Today, Mom and I took a taxi to a different church in Bangkok. This one is called Sapan Luang Church or, literally, the Yellow Bridge Church. It is located in an area of Bangkok called Sapan Luang, because there is (or used to be) a yellow bridge going over one of the many canals here. Sapan Luang Church was organized as a church serving the Chinese population of Bangkok. These are Chinese who immigrated from South China and speak a dialect of Chinese that is neither Mandarin or Cantonese, though it is closer to Mandarin.
Sapan Luang Church is a large and growing church that now has two distinct congregations: An older congregation of Chinese and a younger congregation of their children and grandchildren, who speak mainly Thai. Both congregations worship at the same hour on Sunday morning in two different sanctuaries in the same facility.
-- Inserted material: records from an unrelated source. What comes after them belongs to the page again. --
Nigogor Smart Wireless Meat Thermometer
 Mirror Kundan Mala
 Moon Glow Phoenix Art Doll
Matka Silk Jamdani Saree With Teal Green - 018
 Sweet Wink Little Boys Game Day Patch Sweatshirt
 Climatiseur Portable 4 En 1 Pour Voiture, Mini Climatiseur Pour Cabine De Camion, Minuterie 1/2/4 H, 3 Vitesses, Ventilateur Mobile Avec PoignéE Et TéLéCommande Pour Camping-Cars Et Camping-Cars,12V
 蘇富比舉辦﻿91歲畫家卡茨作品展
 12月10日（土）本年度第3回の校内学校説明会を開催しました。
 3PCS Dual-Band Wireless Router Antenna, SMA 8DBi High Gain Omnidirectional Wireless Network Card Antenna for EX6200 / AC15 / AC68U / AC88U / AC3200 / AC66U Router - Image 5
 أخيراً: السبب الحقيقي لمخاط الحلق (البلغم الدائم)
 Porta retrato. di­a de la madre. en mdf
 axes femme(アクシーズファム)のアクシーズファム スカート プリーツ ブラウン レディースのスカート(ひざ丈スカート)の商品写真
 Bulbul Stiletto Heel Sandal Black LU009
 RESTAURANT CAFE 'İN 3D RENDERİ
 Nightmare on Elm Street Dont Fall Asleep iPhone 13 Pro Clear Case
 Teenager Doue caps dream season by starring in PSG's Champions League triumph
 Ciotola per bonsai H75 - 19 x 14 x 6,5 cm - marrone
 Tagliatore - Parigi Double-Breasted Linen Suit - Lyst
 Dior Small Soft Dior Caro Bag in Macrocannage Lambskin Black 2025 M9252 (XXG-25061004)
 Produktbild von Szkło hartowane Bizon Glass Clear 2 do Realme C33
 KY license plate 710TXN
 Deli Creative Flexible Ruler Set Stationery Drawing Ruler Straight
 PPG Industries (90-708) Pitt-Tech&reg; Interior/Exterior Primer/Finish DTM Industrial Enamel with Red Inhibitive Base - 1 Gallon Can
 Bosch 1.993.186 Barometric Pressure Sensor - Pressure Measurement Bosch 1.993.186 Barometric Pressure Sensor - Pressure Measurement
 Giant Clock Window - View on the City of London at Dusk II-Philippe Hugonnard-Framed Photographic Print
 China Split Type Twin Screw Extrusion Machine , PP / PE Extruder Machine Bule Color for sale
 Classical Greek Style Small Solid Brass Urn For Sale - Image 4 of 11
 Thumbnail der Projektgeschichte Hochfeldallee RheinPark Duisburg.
The younger, Thai congregation is the larger, but the older Chinese congregation is composed of the “elders” in the church. We were escorted into the Chinese worship service, because it is the only one that provides simultaneous translation of the service in English via headphone sets. (They did not know that we could understand and speak Thai.)
As it turns out, the Chinese service is done in both Thai and Chinese – and what an experience that was! We sang three hymns during the service. The same hymn is sung simultaneously in both languages out of two different hymn books. Scripture is read in both languages by two different lectors, standing at two different microphones at the lectern. Announcements are given in both languages. The choir, numbering twenty-five, sang a Palm Sunday anthem in English with a soprano solo. They were accompanied by both a grand piano and an organ.
The preacher preaches in either language and the sermon is translated, sentence by sentence, by someone standing in the pulpit with him, using a second microphone. In this case, the preacher preached in Thai and the man standing beside him, who was the pastor of the church, translated the sermon into Chinese. The message was taken from Matthew 21:1-11, the Palm Sunday story. The preacher focused on the willingness of the man who owned the colt to let it go for the Lord to use. He spoke of our need to trust God and let go. The hymn after the sermon was, of course, “Trust and Obey.”
After the service, an elder in the church took us under his wing and brought us to the courtyard for the Fellowship Hour. He introduced us to some key people – an elder at the church, a member who was recently appointed to the Board of Directors of the Bangkok Christian Guest House, and an old friend of Mom and Dad’s who owns a jewelry store in Bangkok, though he says he is now retired and his son is running the business. We also watched as members picked up the shirts they will wear for Easter Sunday – polo shirts with the name of the church and an Easter logo embroidered on them, made by a member who owns a shirt factory. We were invited to return for the special events of Holy Week – a Good Friday service, Easter Sunrise Service and breakfast at the church, and the big Easter Service. After a glass of tea, we caught a taxi home, amazed and grateful for the hospitality of the members and uplifted by the music and the powerful message.